E é nisso que eu quero que eles acreditem, (apontando em direção às cadeiras onde irá
se sentar o público). Agora, se você não acreditar primeiro eles não vão acreditar
nunca. Tá entendido?”
Em represália, Cadu rebate: “O realismo paranoico ataca novamente.”
Barros posiciona a câmera na mesma direção que as cadeiras do teatro. Assim
quando o diretor teatral diz: “E é nisso que eu quero que eles acreditem”, aponta para o
local do público do teatro, mas também aponta para a câmera que capta a ação
dramática desta cena do filme, assim se refere também ao espectador que está assistindo
o filme.
A negativa do diretor teatral frente à proposta do ator de se fingir ter água na
banheira suscita uma questão: por que não se pode fingir quando todos sabem que se
trata de uma encenação? E a fala: “O realismo paranoico ataca novamente” reflete a
preferência exacerbada por uma representação que enfatiza o caráter mais objetivo do
mundo. É assim que Anjos da Noite inicia, realçando a questão das várias possibilidades
de representação. Sobre isso Barros diz: “A minha preocupação é muito mais com a
ficção enquanto uma mentira que reflete a realidade do que com um realismo que não
diz muita coisa sobre essa realidade a não ser uma reprodução dela.” 3
Aliado a isso, o filme é repleto de passagens que em um primeiro momento dão
a entender algo, mas que em um momento posterior apresentam novas possibilidades
referentes à natureza do que foi narrado. Como no episódio em que o personagem
Bimbo mata um executivo em um engarrafamento de trânsito. Primeiro, o público é
levado a crer que Bimbo cometeu o crime, mas logo em seguida, uma voz em off diz:
“corta”. E em seguida, em outro plano, aparece uma grua e personagens comentam que
deve se tratar de uma filmagem, dando a entender que a cena de morte se trata de uma
encenação. Entretanto, mais adiante, quando Cissa, estudante de sociologia, realiza sua
pesquisa com vídeos, uma matéria jornalística reporta o assassinato em questão. É
quando uma confusão vem à tona acerca da natureza desse assassinato.
3 Declarações de Wilson Barros em Um Filme na Noite, (Anexo1).

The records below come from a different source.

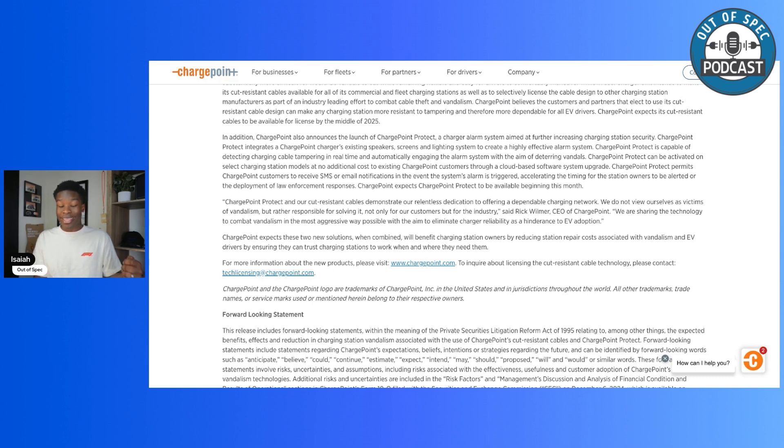ChargePoint Protect permits customers to receive SMS or email notifications when the alarm is triggered, accelerating the timing for station owners to be alerted or for law enforcement deployment. ChargePoint expects ChargePoint Protect to be available beginning this month. One critique: I would love phone call notifications rather than just SMS or email, since these thefts are often happening at 1, 2, or 3 a.m. when no one's awake to see a text. Ideally, the system would automatically notify local law enforcement, or at least call you directly to wake you up.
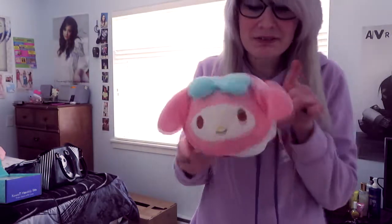The cutest little pillow, singing plushies — it's Hope Chan squishy.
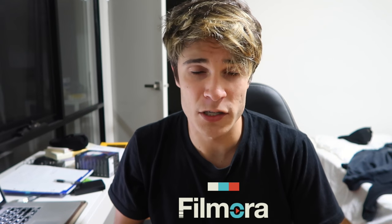G'day mates, it's me, AJ and Gene. Before this video starts, I would like to thank Filmora for sponsoring this video.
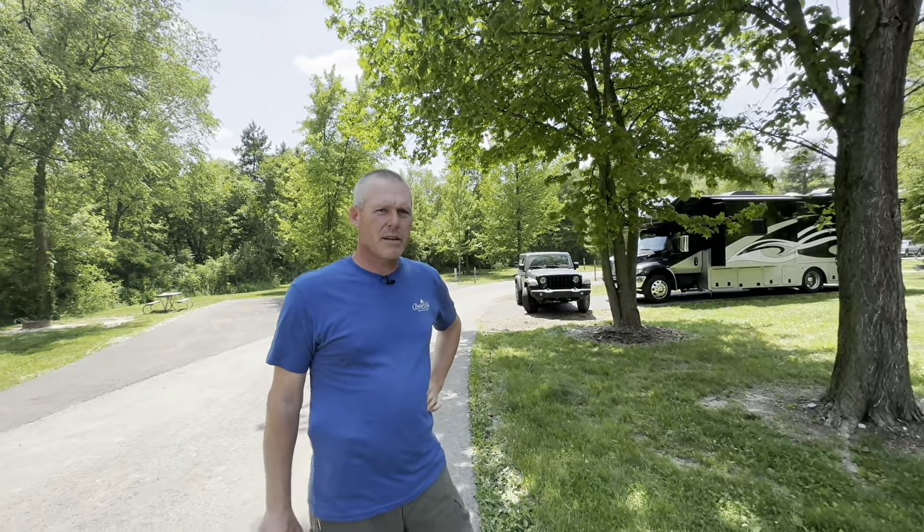This campground is so small they don't even have a check-in office or store — just a camp post up at the front, and one person takes care of the entire place. It's not a very big park, not crazy popular, but that's one of the things we like about it — it's quiet and smaller. We had no problem getting a site for this weekend. There's nothing major to do here; there are trails and a playground, but it's just here to camp and chill.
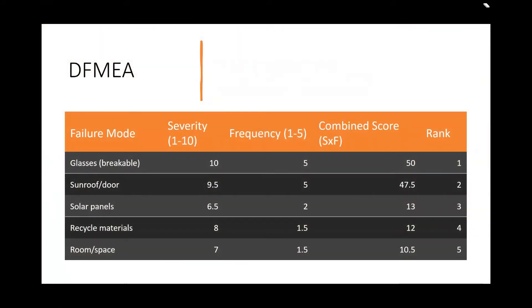DFMEA mode. The five modes of our SubBoat are: glass, sunroof or door, solar panels, recycled materials, and storage space. The combined scores of severity and frequency are: glass is 50, sunroof or door is 47.5, solar panel is 13, recycled material is 12, and storage space is 10.5. Overall the ranking will be: glass, sunroof or door, solar panels, recycled materials, and last is storage space.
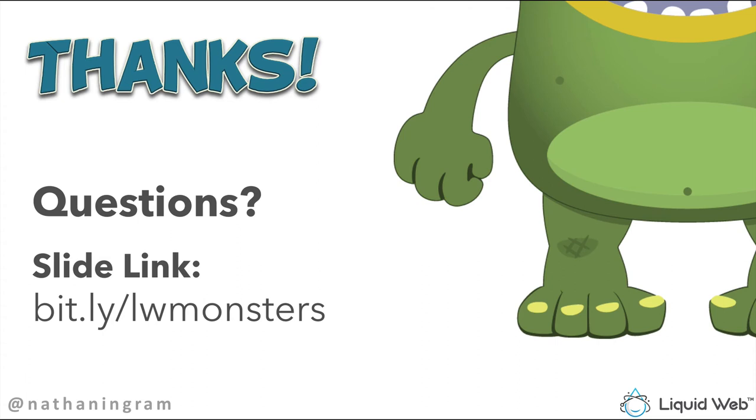A few questions have come in. Eli asks if this presentation outline will be available — yes, you can download the slides at bit.ly/LWmonsters. Don says 'you're really talking to my wrong way of doing business' — I appreciate that, this has come from me doing it the wrong way for many years. Web Team asks: 'How do you negotiate with clients if you don't have money as a way to strategize?' Could you clarify that a little bit?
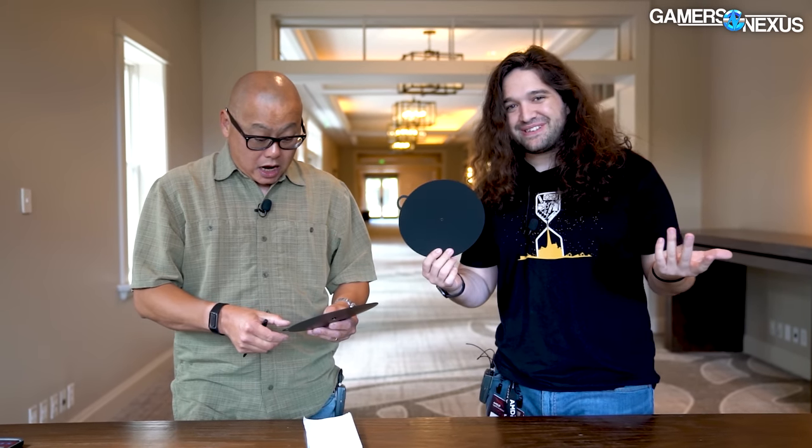Quick disclaimer up front: this is before AMD has officially announced the Ryzen 7000 stuff, so we're not informed on the desktop parts yet. It's also about a week before they're even going to talk about the mobile names. This is just Gordon and I discussing the naming schema and commenting on it.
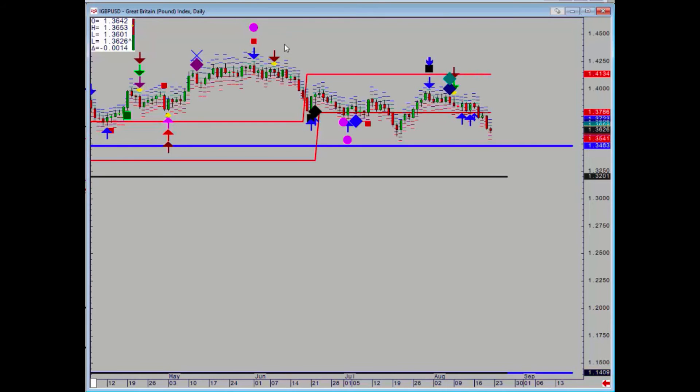Pound broke down on Tuesday and just accelerated lower. The target is 134.83 and 137.86 is the breakout point.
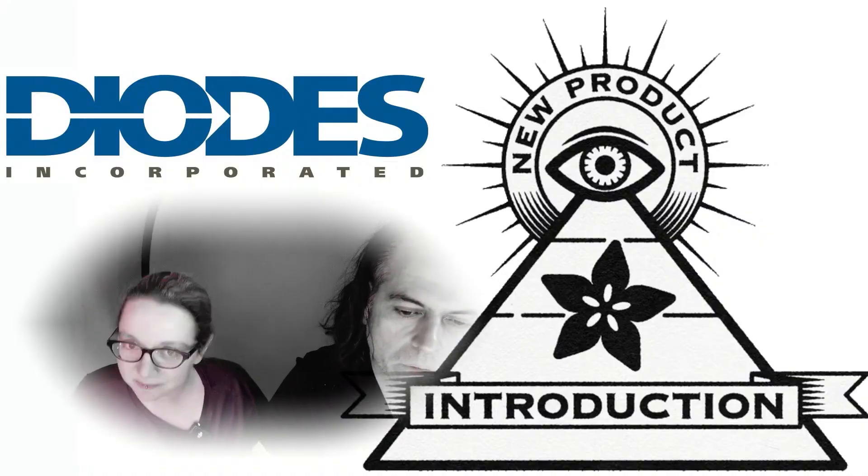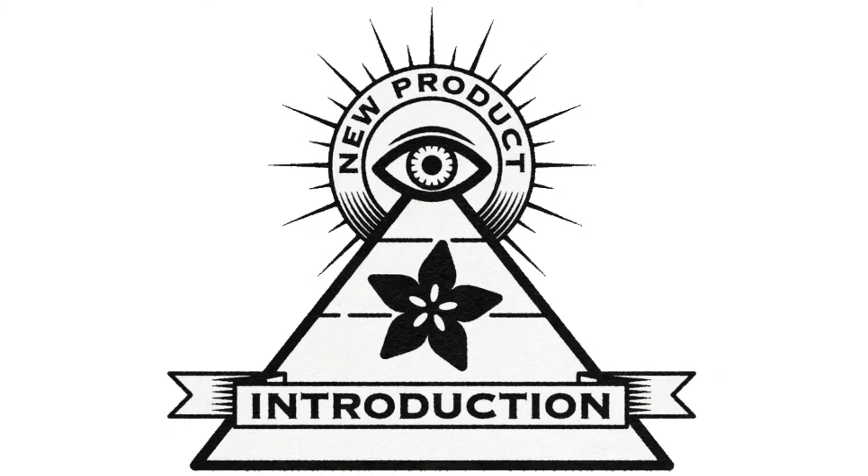And that is New Products Intro this week. Hi on MPI.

Sobre a personagem Cissa é importante destacar que, enquanto estudante de
sociologia, ela está ali para fazer uma pesquisa acadêmica e quer compreender a
realidade através de vídeos. Mas é preciso atentar para uma questão relevante na trama:
enquanto a personagem Malu, (Zezé Motta) caminha por um corredor escuro guiando
Cissa até a coleção de vídeos Malu diz:
“Espero, pelo menos, que você se divirta muito. (Ri exageradamente). Que aventura
louca. Tenho certeza que você vai gostar. Damas da noite, dançarinos baratos, garotos
de aluguel, doces travestis, tarados, gangsters, tímidos e mascarados, meus anjos da
noite. Ah, mas não leve tão a sério. É só brincadeirinha.”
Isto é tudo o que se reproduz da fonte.